Jude made her way to Zach’s room. At his closed door, she paused. She would not batter him with questions or bury him under advice. This time she would just listen.
She knocked and got no answer. Knocking again, she announced herself and opened the door.
He was in his game chair, wielding the black remote as if he were a fighter pilot, which, on-screen, he was.
“Hey you,” she said, coming up beside him. “What are you doing?”
“Trying to beat this level.”
She sat down on the black shag rug beside him. This room had been decorated once by a professional and redone over the years by Zach. Expensive chocolate-colored wallpaper had been covered by movie posters. The bookshelves were an archaeological display of his childhood: a graveyard of action figures, a tangled heap of plastic dinosaurs, stacks of video game cases, a dog-eared copy of Captain Underpants, and the five Harry Potter novels.

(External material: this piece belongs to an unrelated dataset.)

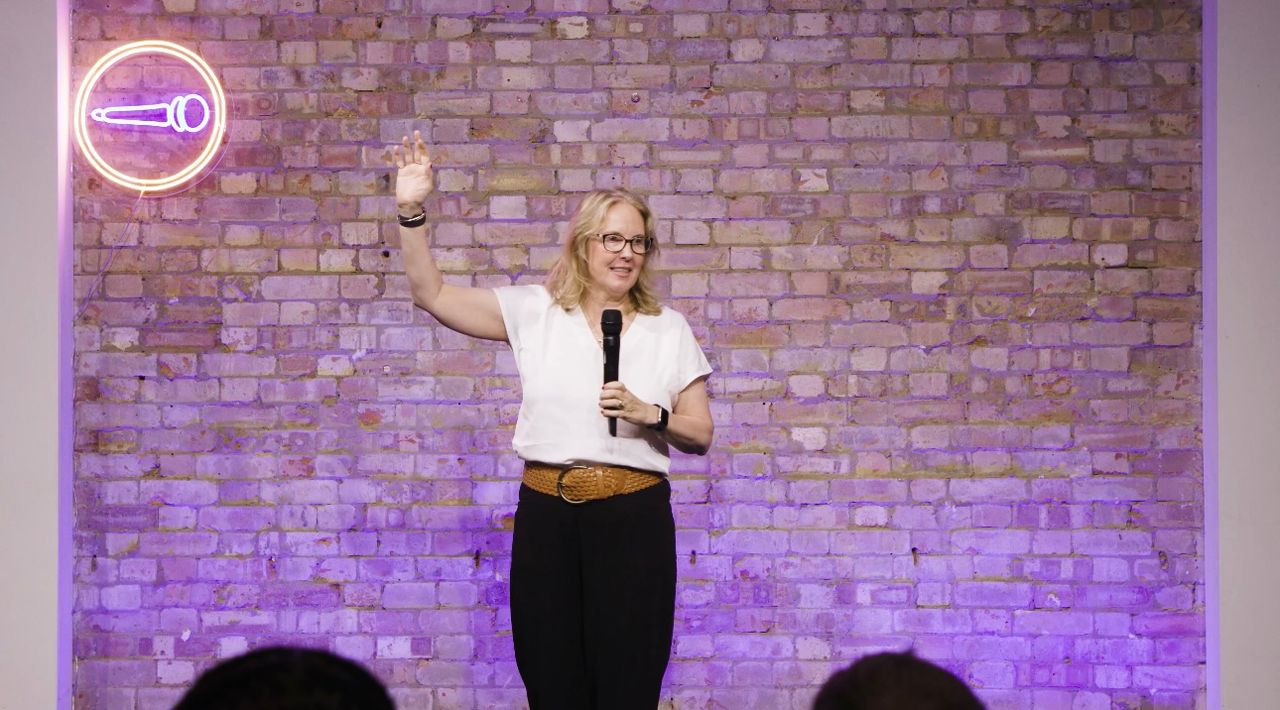 Cara Cunniff speaking on stage with her hand raised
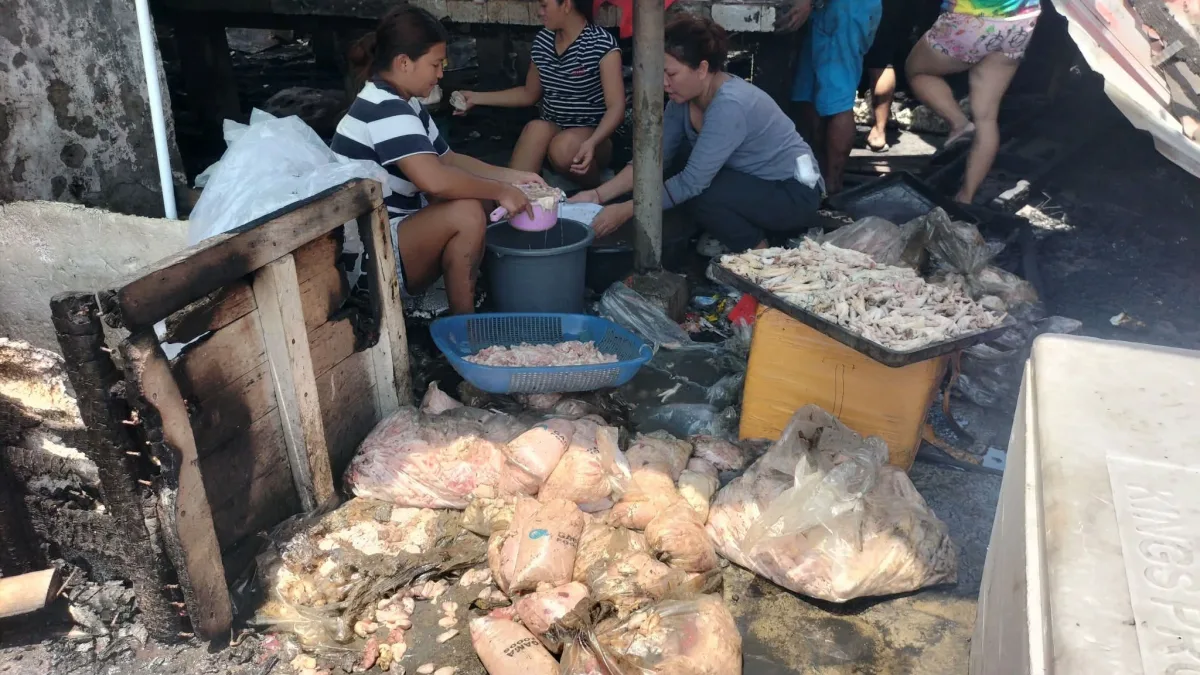 SALVAGING LIVELIHOODS: Displaced vendors sit amid soot and debris, attempting to clean and recover raw poultry inventory following a third-alarm fire at EEDMO Building C inside the Iligan Central Public Market on Aug. 23. The blaze destroyed stock and equipment for 167 stall owners, prompting urgent appeals for immediate capital support and temporary relocation sites. (Photo by Bonita L. Ermac)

She wanted to say, Can we talk? but to a teenage boy (or most any male), one might as well say, May I please rip out your spleen?
“Let me guess,” Zach said. “You think I’m doing drugs? Or spraying graffiti? Maybe you’re worried that I’m a girl trapped in a dude’s body.”
She couldn’t help smiling at that. “I am so misunderstood.”
“You do worry about the weirdest shit. I mean stuff.”
“Do you want to talk about Amanda? Or how you feel? I’ve been through a few broken hearts in my time. Keith Corcoran in high school almost ruined me.”
He put down the controller and looked at her. “How did you know you loved Dad?”
Jude was pleasantly surprised by the question. Usually she had to pry this kind of conversation out of her son. But maybe he was growing up, or maybe he’d actually been hurt by Amanda.
There were so many things she could say, memories she could share, and if she were talking to Mia, she might have done just that. But this was Zach. She didn’t want to ruin this moment by talking too much.
“The first time I saw him, I knew. I know it sounds crazy, but it’s true. When he said he loved me, I believed him, and I hadn’t believed anyone since my dad. Until Miles … and you kids, I used to worry that I was like my mother. Your dad reminded me what love felt like, I guess, and when he kissed me for the first time, I cried. I didn’t know why then, but now I do. It was love and it scared the bejesus out of me. I knew I’d never be the same again.” She smiled at her son, who for once was soaking up every word. “Someday you’ll meet the right girl, Zach. I promise. Only you’ll be grown up and she’ll be a woman, and when you kiss her, you’ll know you belong with her.”
“And she’ll cry.”
“If you’re lucky she will.”
*
In the next two weeks, Lexi learned about keeping secrets. When she was with Zach, her love for him was overpowering, a wave that knocked her sideways so hard she couldn’t tell which way was up. Later, when she was with Mia, guilt smacked her just as hard. Mia knew something was up with Zach, but it never occurred to her to look to Lexi for answers.
That was the worst of it, the broken trust. More than once Lexi had almost blurted out the truth, desperate for absolution, but she hadn’t done it, hadn’t opened her heart to her best friend. And why not?
Love. She couldn’t deny Zach anything, it seemed, and he wasn’t ready to tell his sister about them. Lexi wasn’t even completely sure why; she just knew that Zach was afraid to tell Mia, and if Zach was afraid, Lexi was more so.